Monday, August 3, 2015

The Dragon Engine - Andy Remic

The Dragon Engine is a fantasy novel by Andy Remic. It’s got some interesting world-building, a party of squabbling misfits, high stakes action, and… quite a lot of blood.
 The novel takes place as a party of heroes come out of retirement, heading into a mountain range in search of riches.  Remic does a decent job of building out his initial world. The kingdom that these heroes inhabit is only sketched out, but depth is added in incidental dialogue between characters. 

There’s mention of villains from the past, wars which are slowly being forgotten,  loyalties and betrayals bubbling under the surface of the world.  Whilst the attention paid to this initial setting is a bit sparse, what is in place manages to feel vivid and alive.
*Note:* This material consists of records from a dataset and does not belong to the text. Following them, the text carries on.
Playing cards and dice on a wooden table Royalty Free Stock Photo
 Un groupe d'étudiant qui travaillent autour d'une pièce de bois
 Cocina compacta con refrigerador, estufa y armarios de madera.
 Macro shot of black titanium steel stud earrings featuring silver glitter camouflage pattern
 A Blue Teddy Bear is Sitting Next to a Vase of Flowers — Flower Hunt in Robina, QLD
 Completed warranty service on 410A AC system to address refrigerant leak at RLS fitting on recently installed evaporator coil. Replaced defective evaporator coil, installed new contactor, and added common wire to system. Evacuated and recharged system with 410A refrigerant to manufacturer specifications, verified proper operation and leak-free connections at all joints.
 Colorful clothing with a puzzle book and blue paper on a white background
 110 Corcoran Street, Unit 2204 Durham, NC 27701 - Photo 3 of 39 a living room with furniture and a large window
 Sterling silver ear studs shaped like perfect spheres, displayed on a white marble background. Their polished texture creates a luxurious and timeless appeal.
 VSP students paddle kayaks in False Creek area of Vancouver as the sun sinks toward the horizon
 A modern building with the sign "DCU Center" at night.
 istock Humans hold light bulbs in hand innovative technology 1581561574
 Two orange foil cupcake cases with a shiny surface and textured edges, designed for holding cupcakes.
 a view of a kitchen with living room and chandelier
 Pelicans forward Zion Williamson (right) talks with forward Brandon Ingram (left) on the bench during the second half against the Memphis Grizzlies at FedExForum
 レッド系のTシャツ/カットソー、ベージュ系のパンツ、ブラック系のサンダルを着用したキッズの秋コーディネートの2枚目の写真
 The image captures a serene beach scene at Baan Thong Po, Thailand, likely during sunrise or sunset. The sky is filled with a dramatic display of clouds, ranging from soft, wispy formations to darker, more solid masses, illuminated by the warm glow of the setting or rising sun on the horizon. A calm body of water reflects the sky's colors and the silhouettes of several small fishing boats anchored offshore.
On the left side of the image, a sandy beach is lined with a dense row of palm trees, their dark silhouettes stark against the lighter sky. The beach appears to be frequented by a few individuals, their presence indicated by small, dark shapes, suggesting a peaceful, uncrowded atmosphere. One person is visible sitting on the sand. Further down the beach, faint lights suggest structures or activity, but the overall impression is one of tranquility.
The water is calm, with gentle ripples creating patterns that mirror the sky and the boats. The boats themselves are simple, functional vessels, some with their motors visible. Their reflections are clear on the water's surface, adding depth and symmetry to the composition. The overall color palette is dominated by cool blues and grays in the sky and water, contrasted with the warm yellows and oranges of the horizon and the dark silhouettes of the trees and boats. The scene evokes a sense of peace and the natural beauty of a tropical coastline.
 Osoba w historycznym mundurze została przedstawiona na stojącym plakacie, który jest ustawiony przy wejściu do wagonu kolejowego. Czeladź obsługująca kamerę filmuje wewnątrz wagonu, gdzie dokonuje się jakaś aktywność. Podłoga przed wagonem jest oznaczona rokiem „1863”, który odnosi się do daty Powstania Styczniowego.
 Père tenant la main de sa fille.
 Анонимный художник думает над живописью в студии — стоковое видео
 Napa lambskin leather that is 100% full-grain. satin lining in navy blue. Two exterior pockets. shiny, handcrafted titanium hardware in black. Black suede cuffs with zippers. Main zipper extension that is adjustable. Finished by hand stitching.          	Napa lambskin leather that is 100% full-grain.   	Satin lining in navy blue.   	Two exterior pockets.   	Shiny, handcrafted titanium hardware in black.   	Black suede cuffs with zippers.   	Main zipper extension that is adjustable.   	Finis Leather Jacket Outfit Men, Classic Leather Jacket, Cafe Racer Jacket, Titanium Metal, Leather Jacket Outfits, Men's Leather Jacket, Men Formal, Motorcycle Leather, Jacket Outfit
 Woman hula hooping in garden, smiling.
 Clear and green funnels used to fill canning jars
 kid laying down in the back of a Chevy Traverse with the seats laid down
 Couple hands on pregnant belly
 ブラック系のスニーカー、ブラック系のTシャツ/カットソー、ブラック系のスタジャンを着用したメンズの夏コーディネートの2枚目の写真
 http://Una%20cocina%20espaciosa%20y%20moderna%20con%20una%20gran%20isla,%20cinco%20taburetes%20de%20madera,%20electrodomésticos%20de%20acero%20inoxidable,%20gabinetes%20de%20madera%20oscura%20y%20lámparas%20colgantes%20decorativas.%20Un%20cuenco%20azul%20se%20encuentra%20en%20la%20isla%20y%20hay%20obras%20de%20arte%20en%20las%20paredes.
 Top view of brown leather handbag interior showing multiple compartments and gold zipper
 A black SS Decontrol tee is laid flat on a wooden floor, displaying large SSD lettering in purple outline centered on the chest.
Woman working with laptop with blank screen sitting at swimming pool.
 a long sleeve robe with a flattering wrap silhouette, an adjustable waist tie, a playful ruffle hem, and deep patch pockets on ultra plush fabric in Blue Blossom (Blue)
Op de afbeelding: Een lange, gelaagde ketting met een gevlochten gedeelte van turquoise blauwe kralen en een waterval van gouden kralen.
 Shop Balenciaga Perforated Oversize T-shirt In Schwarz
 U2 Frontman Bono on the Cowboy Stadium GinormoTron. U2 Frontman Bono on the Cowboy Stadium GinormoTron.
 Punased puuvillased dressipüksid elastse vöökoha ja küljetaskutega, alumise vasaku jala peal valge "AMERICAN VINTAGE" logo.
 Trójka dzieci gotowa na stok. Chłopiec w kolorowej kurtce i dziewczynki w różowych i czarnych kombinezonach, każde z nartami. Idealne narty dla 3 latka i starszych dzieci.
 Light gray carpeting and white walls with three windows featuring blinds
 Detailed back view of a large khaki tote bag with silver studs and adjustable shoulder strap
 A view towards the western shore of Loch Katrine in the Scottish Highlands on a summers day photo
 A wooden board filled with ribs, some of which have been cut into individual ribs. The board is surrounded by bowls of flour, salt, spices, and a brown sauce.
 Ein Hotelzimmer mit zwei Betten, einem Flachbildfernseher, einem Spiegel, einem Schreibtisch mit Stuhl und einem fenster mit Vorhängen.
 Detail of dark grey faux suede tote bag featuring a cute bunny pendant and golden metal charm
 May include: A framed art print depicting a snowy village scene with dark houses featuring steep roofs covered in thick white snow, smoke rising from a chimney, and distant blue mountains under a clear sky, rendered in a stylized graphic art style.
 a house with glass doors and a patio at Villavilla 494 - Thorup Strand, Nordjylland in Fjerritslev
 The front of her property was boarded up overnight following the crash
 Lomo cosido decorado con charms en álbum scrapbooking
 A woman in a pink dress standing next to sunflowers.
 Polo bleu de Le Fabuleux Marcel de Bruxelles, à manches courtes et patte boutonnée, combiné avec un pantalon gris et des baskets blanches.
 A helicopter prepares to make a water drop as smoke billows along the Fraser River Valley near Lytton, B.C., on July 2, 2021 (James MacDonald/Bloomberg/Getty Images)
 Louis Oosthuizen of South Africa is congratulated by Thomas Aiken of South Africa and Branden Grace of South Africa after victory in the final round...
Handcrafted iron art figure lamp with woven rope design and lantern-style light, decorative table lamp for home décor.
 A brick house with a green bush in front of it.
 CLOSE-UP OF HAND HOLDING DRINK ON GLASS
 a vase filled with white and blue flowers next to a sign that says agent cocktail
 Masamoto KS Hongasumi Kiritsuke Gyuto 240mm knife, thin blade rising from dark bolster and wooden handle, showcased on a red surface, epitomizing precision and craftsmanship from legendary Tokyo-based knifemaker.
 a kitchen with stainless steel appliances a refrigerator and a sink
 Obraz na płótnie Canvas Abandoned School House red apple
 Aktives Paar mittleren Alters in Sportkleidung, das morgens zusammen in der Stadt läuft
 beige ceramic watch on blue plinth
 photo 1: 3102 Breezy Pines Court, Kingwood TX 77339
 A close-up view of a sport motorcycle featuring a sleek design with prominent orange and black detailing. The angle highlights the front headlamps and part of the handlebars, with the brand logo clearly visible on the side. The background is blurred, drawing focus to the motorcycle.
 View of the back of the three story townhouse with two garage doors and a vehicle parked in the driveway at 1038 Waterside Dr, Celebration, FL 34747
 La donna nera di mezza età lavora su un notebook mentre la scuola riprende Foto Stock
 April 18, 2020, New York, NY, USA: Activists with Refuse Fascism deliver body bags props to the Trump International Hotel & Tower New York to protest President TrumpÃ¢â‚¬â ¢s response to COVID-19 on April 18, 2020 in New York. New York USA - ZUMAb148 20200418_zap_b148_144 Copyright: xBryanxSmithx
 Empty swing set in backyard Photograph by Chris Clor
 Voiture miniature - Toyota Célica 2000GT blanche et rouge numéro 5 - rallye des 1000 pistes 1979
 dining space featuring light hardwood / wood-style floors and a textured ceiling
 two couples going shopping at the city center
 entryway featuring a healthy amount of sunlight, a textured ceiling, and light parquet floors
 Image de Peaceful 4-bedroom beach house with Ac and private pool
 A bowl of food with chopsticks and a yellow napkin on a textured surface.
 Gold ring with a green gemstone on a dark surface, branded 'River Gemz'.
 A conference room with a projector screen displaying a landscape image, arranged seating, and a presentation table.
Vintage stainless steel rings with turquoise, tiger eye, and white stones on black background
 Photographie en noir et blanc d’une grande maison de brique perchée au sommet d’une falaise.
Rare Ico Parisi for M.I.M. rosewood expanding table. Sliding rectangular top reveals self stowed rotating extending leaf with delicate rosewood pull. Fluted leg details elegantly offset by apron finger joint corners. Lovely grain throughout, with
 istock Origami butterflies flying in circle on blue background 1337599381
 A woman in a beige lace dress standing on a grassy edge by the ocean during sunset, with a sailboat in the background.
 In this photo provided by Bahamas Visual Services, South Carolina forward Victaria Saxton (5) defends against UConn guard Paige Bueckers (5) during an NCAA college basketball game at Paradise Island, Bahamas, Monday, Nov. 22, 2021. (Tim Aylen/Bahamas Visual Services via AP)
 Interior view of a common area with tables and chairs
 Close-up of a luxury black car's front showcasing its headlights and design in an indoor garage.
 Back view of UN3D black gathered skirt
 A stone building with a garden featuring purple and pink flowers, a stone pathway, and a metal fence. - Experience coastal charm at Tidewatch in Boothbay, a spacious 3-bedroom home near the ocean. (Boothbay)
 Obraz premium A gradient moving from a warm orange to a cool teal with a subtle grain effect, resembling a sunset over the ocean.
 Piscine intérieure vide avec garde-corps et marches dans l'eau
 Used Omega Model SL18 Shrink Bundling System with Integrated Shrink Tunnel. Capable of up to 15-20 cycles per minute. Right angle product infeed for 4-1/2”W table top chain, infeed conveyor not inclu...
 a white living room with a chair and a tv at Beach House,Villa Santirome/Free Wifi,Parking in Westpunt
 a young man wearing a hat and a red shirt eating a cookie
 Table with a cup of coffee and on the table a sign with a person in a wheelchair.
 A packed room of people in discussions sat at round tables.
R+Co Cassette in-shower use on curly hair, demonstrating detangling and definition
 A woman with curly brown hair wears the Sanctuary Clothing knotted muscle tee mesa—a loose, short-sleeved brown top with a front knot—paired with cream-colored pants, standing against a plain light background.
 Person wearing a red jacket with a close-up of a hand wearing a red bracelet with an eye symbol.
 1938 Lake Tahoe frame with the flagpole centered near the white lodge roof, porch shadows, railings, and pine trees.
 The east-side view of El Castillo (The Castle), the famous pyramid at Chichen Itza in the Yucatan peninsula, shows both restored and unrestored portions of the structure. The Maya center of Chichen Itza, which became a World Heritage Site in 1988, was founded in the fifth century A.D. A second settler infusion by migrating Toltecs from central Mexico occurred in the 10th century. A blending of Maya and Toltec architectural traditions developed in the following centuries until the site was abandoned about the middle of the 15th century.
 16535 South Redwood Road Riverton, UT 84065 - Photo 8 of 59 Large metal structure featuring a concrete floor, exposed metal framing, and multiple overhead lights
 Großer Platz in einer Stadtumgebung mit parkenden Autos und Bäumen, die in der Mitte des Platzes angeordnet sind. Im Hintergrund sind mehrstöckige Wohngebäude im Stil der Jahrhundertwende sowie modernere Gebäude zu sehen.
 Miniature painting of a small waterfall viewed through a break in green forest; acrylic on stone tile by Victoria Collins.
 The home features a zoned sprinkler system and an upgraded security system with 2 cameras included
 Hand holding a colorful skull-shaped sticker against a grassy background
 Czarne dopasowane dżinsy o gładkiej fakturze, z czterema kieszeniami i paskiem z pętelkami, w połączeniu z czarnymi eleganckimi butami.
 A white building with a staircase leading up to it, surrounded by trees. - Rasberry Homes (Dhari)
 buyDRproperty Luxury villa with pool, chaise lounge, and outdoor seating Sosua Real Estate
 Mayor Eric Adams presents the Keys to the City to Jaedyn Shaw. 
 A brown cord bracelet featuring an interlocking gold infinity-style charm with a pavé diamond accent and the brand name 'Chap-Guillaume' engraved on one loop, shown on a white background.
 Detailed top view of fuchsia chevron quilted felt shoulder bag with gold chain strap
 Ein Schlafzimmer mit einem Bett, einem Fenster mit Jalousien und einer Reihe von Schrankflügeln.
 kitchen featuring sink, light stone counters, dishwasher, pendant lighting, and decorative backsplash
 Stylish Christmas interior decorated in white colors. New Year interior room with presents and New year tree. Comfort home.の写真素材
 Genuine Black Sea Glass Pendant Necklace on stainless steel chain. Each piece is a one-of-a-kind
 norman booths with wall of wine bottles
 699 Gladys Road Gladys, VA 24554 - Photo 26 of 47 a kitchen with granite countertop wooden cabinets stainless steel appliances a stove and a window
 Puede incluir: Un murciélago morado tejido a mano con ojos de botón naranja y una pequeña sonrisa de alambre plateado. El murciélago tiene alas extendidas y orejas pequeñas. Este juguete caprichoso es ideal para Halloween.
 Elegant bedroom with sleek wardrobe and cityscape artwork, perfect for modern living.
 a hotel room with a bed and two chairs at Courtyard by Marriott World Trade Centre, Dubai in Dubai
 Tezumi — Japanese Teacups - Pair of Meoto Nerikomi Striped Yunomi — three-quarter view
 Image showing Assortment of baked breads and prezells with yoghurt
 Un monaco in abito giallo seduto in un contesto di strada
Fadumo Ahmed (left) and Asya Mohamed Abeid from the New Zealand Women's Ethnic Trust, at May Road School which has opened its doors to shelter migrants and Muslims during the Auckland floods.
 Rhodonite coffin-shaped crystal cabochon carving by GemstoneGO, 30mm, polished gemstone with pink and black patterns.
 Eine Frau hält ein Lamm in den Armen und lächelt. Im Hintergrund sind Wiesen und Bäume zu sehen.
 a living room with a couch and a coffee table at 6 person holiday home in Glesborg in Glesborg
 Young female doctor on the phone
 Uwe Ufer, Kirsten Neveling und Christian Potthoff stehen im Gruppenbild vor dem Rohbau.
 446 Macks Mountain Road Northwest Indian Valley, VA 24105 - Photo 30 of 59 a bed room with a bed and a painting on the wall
The setting shines, however, when it explores the Dwarven caverns that our party of heroes are planning to loot. There’s a cavernous claustrophobia to the underside of the mountains, a feeling of a society turned in on itself, self-contained and self satisfied. At the same time, there’s a wonderful sense of scale – the towering gates of the Dwarves, the intricacy and baroque nature of their works, is emphasised in a narrative style which otherwise feels very spare and clean. There’s a grandeur in the Dwarven city, but also a sense of statis, and Remic manages to tease these out and combine them without overwhelming or browbeating the reader.

The characters are an interesting conundrum. They seem almost designed to fill roles – the axeman, the archer, the assassin, and so on. An adventuring party, off on a dungeon crawl. But the nature of these old heroes, the bonds that tie them together, are inferred and unspoken, and so we get hints of a more complex set of relationships through the cracks in the narrative. There’s moments of sparkling humanity in between the banter and the action. The axeman’s relationship with his ex-fiancée is  particularly well done, given a sense of emotional freight and a level of nuance that it would have been nice to see explored further, across all the character relationships. There are other quiet moments between the characters of course, and it seemed like they had a lot of room to grow, if given the chance – hopefully that’s something we might see in later books in the series.

The villains are a mixed bag. There’s a couple who feel a tad flat, more evil-for-the-sake-of-it than anything else. But there’s also a couple with more complex histories, especially once the Dwarven plot gets rolling. Whilst there’s still a lot of evil minions, there overlords have a bit more heft behind them. Much like the heroes, I’m hoping that this level of depth is something we might see strengthened and further explored in any later novels.

That said, the lion’s share of the book, when it’s not sliding character complexity in behind the reader’s back, is the plot. The quest into the mountains, to retrieve a mountain of dwarven gold, is wonderfully self interested. It also, of course, doesn’t go even slightly to plan. Remic manages to pace the opening of the story perfectly, dropping the reader enough context not to feel lost, then ramping up into moments of action which are genuinely gripping. As the text progresses, and the reader picks up more of the world, the action sequences become grander, and the stakes higher. 

There’s some great stuff here – Remic’s fight scenes are elaborate, visceral, and gripping. Sometimes it feels like they go a bit overboard – but at the same time, this is a story which knows what it’s providing, and is hitting that mark. There’s sword fights. Bowshot. At one point someone steps on a spine. There’s blood everywhere, and most of the people who get an axe deserve it. The stakes for the characters gradually increase, and Remic certainly had me invested by the end.


The novel as a whole is rapid, unrelenting, gleefully bloody, and happy to occasionally subvert expectations. I’d like to see the characters explored a little more, but was typically distracted by this when someone’s head fell off, or a chase began, or someone did a bit of cool magic, or…well, you get the idea. This is unreformed fantasy, filled with treasure, violence, the odd bit of magic – heroes you can understand, and villains you can hate. It succeeds very well at doing what it wants to do – and I’m hoping it’s going to expand on that as the series continues.